* DESCRIPTION OF THE TASK
Please copy, exactly and with no pictures, only the lines from the one containing "Liana Liberato Liana Liberato" through the last line of the records.

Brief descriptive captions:
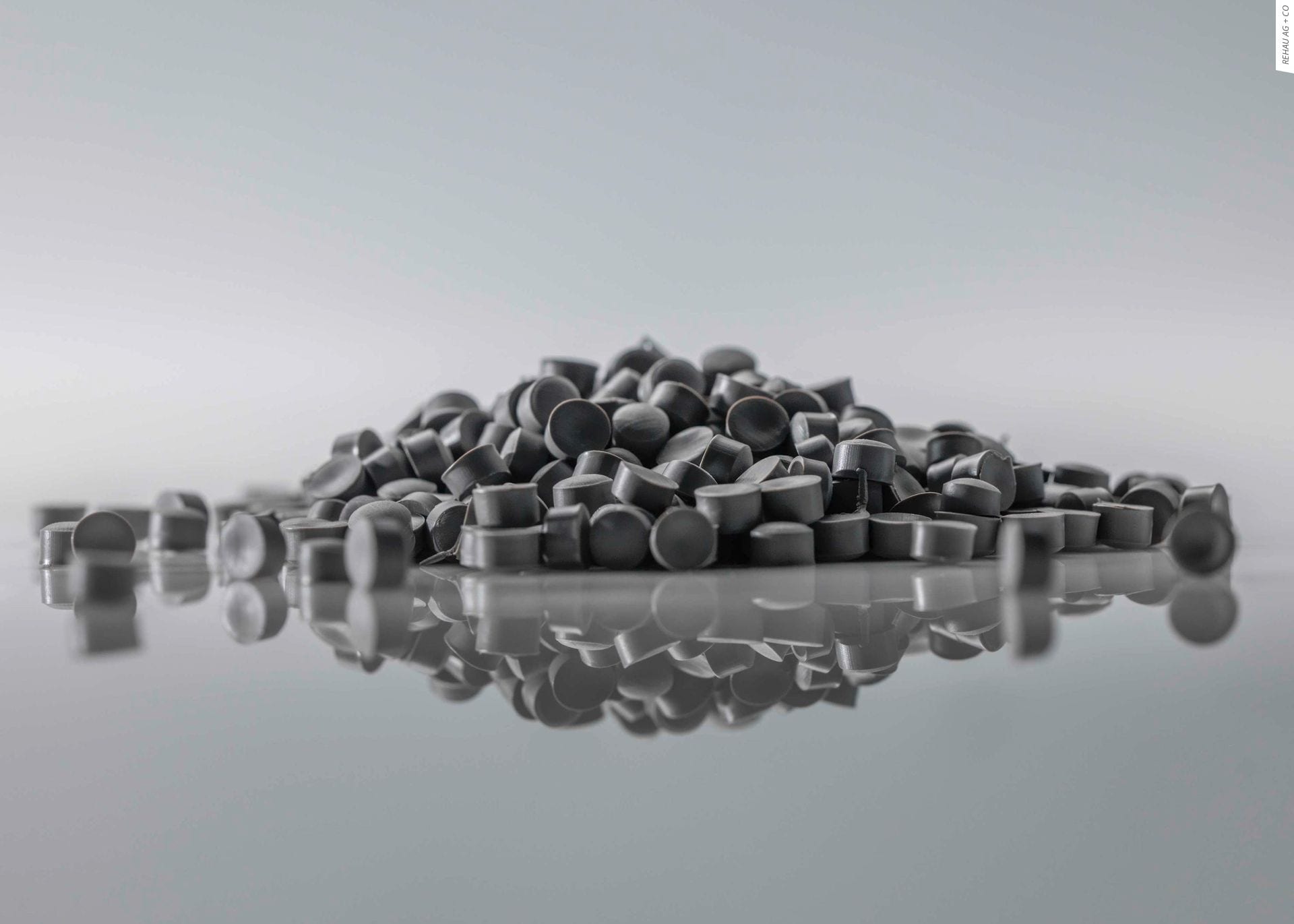 Qué es el PVC Propiedades y para que sirve REHAU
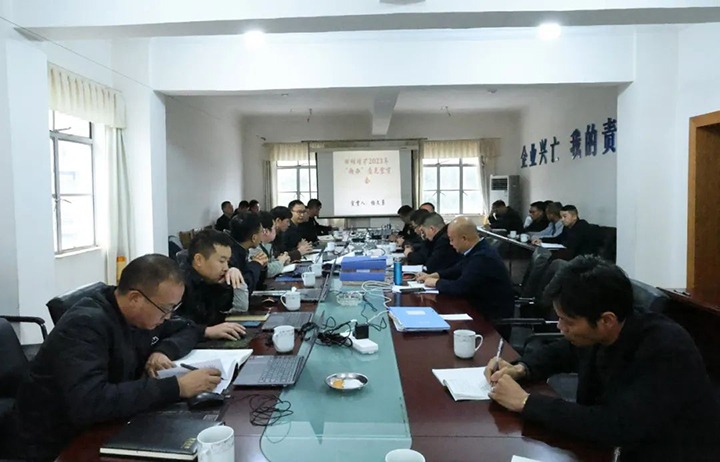 【聚焦云煤】云煤（HB火博·(Home)）集团到田坝煤矿公司发展《中共中央办公厅 国务院办公厅关于进一步加强矿山安全出产工作的定见》宣贯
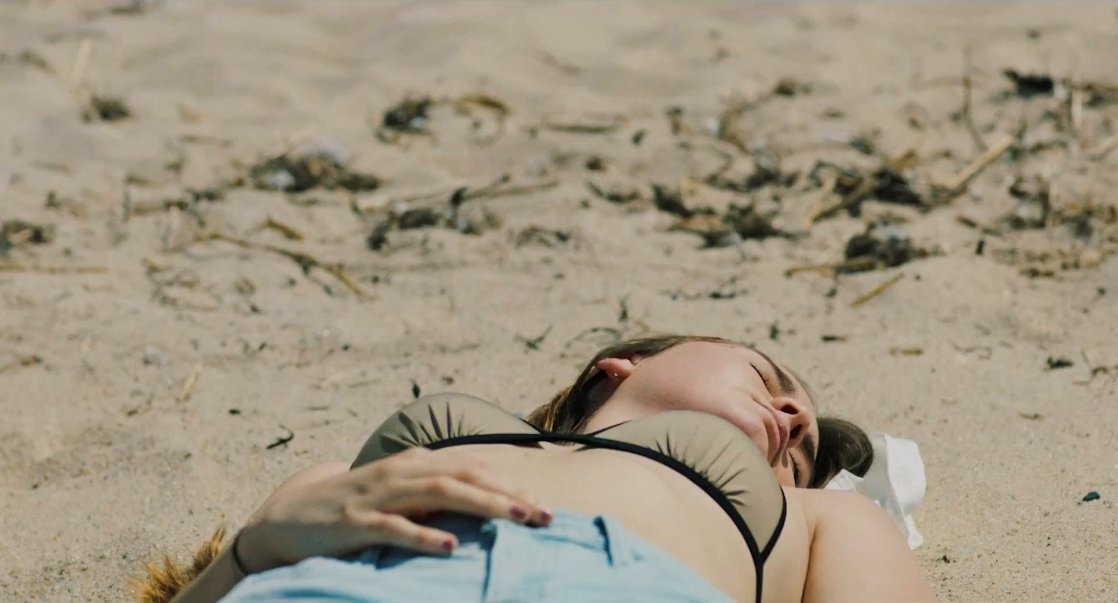 Liana Liberato Liana Liberato
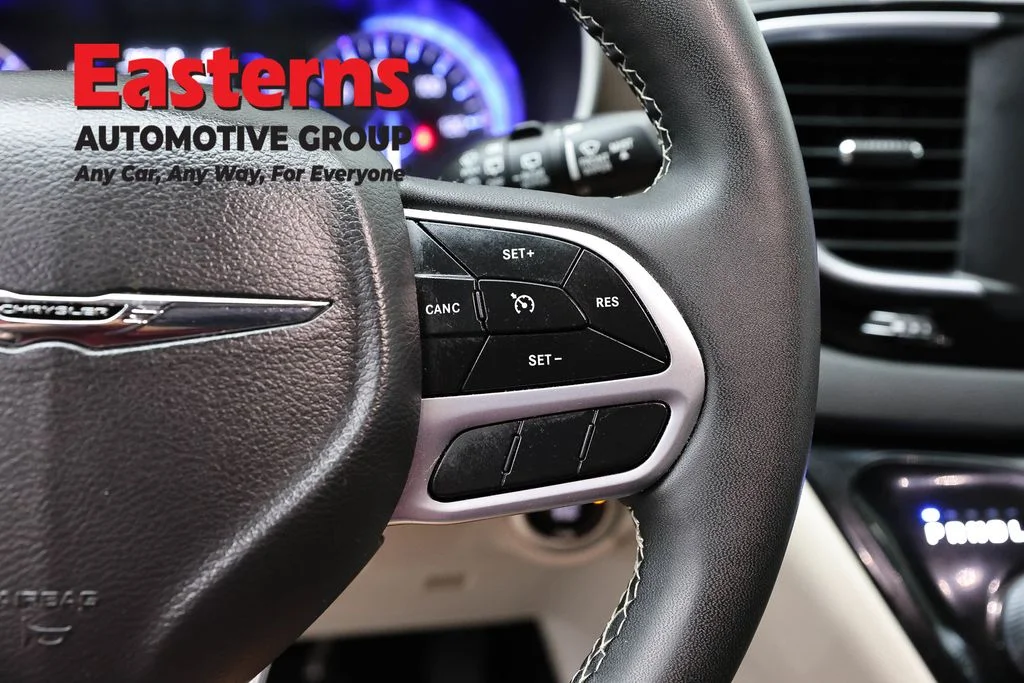 Used 2022 Gray Chrysler LX image 16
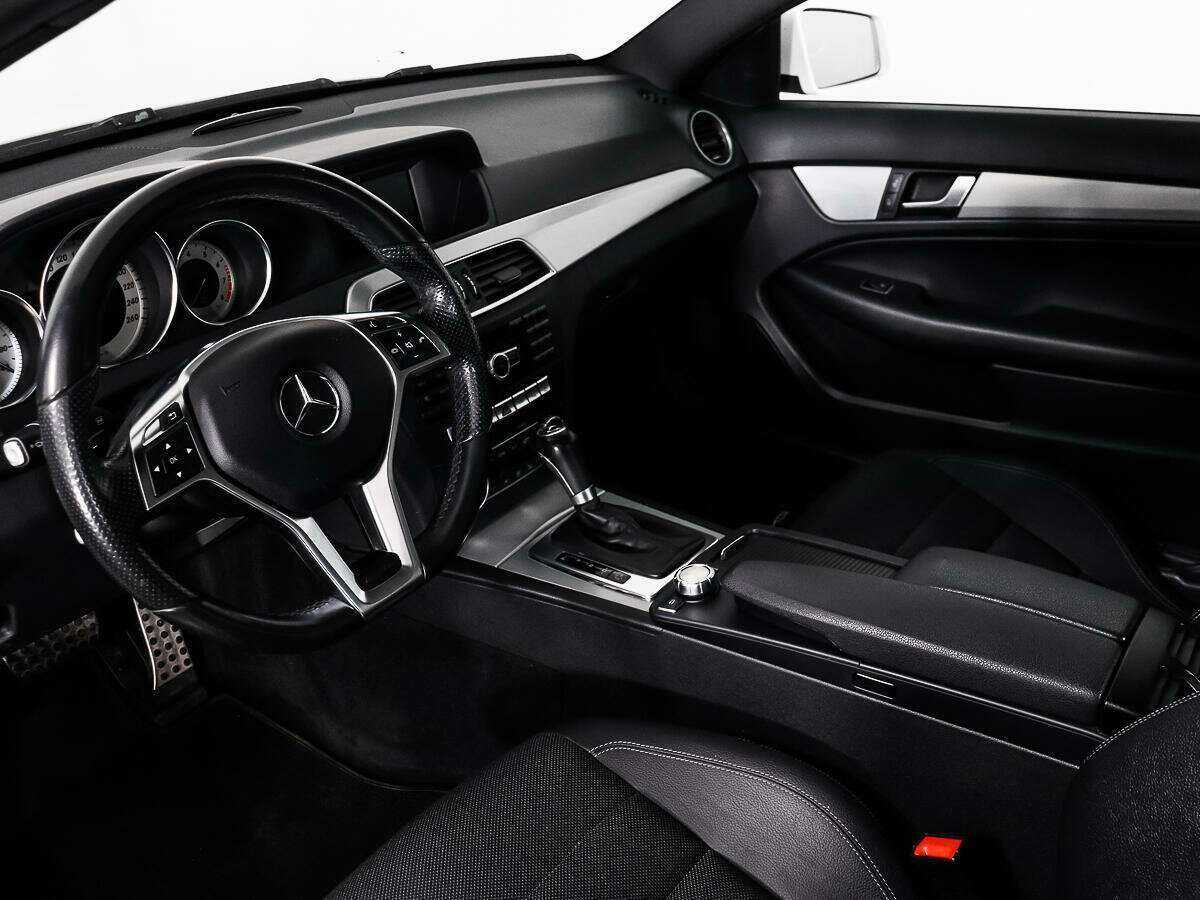 Mercedes-Benz C-Класс с пробегом — 2015 год. Фото: #8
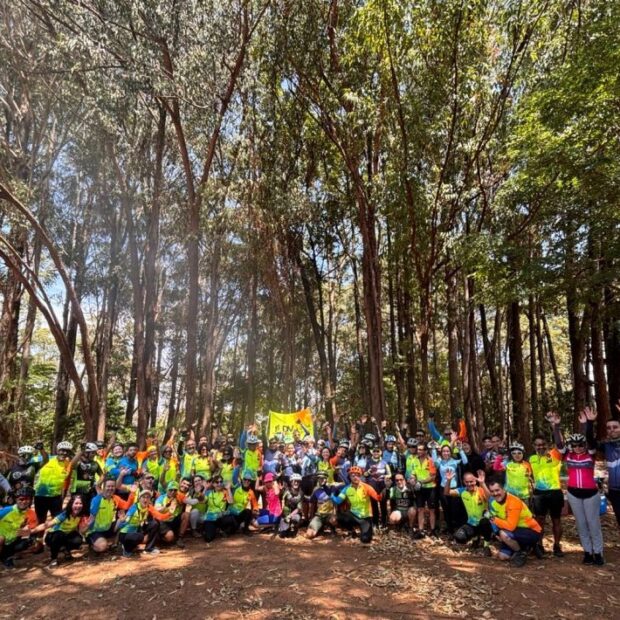 grupo dv na trilha reunido no jardim botânico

* WRITTEN RESPONSE
 Liana Liberato Liana Liberato
 Used 2022 Gray Chrysler LX image 16
 Mercedes-Benz C-Класс с пробегом — 2015 год. Фото: #8
 grupo dv na trilha reunido no jardim botânico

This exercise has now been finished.